**WHAT YOU NEED TO DO:**
Your output should be exactly the lines from the one containing "Artline Concrete Permanent" through the final line of the records, both included, with every picture left out.
Start of INPUT RECORDS
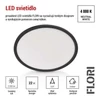Kép 11/52 - LED felületi lámpatest FLORI fekete, fehér, 22W, semleges fehér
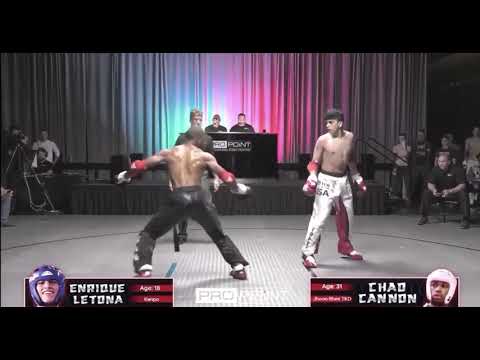 Exciting Pro Point Fight💥Enrique Letona vs Chad Cannon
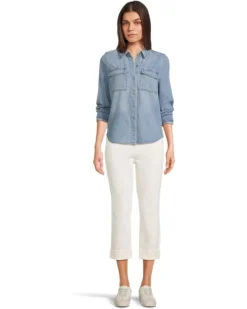 Liverpool Los Angeles Denim Shirt With Patch Pockets | Shirts & Tops -Shoes For Every Day 61bKVWTompL. AC SR736920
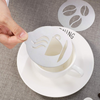 Ensemble de pochoirs à café 15pcs en acier inoxydable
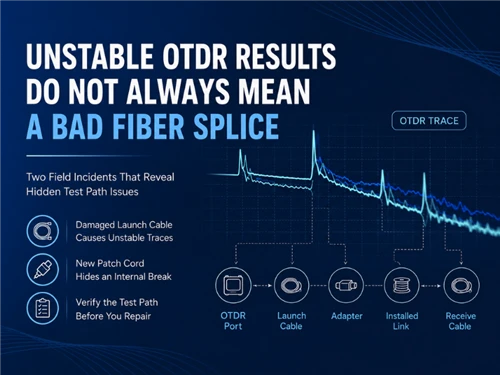 Unstable OTDR Results Do Not Always Mean a Bad Fiber Splice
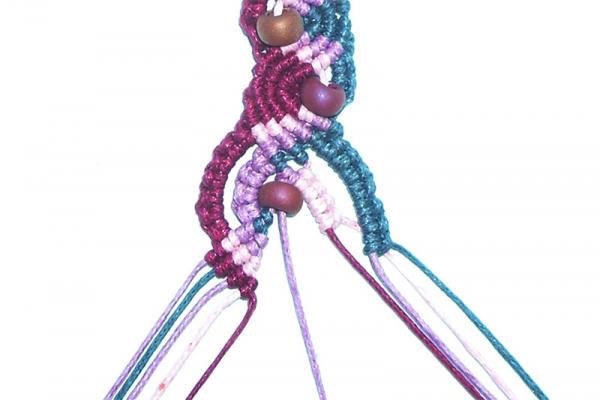 Micro macramé náramok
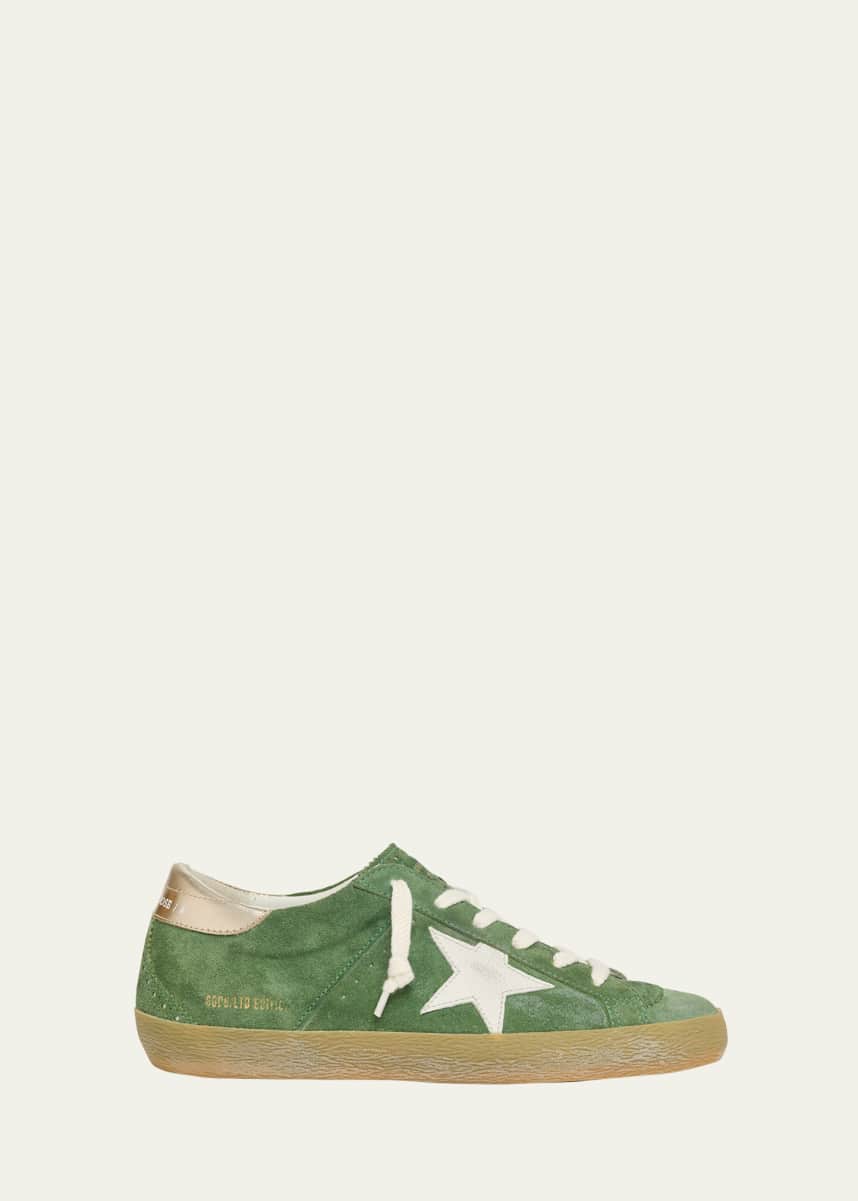 Golden Goose Superstar Mixed Leather Low-Top Sneakers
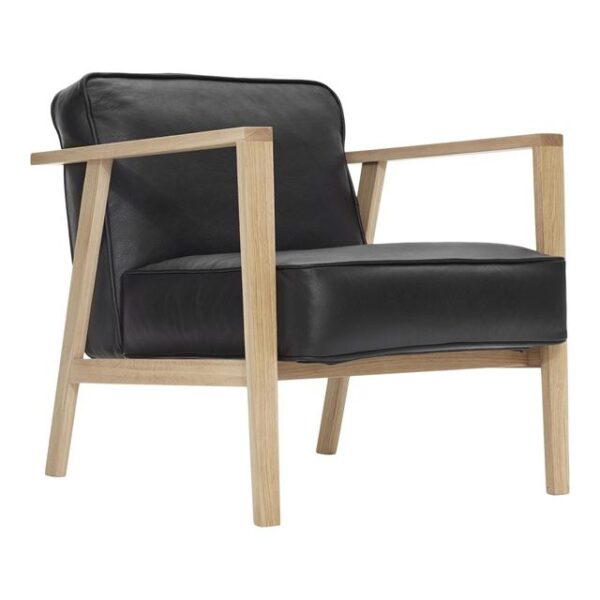 Andersen Furniture LC1 Lænestol Egetræ/Sort Læder al-laenestole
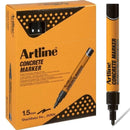 Artline Concrete Permanent Marker Black Box 12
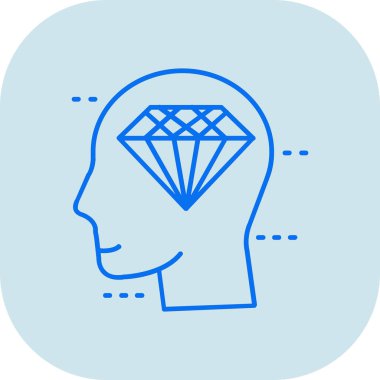 diamond icon in trendy style isolated background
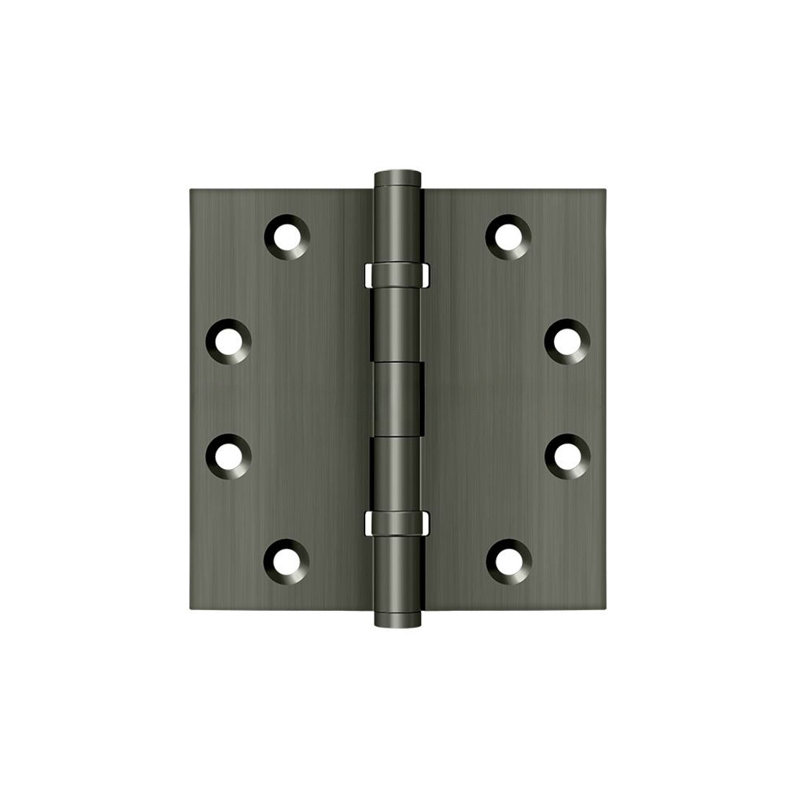 102'' x 102'' Butt Bearing Hinge, Antique Nickel
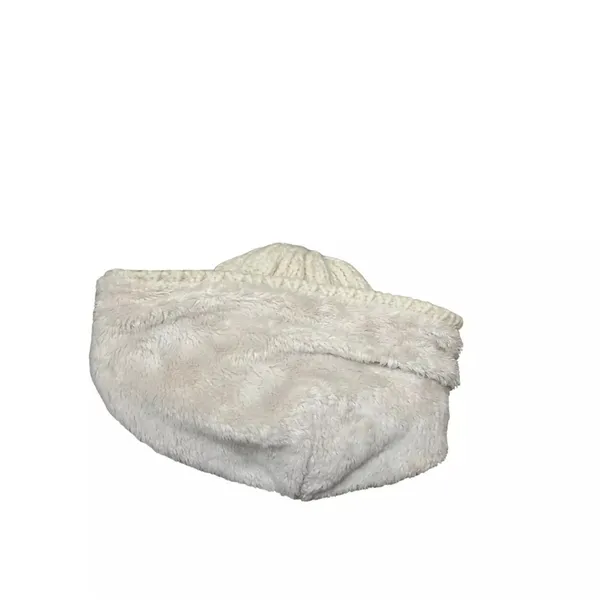 The North Face Spell Out Wool Cable Knit Beanie Hat Chunky Winter Cap - Image 5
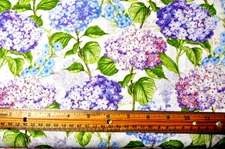 WILMINGTON FABRIC #39822 234"Hydrangea Mist "OVERALL PRINT"BTY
End of INPUT RECORDS
**TASK RESULT:**
 Artline Concrete Permanent Marker Black Box 12
 diamond icon in trendy style isolated background
 102'' x 102'' Butt Bearing Hinge, Antique Nickel
 The North Face Spell Out Wool Cable Knit Beanie Hat Chunky Winter Cap - Image 5
 WILMINGTON FABRIC #39822 234"Hydrangea Mist "OVERALL PRINT"BTY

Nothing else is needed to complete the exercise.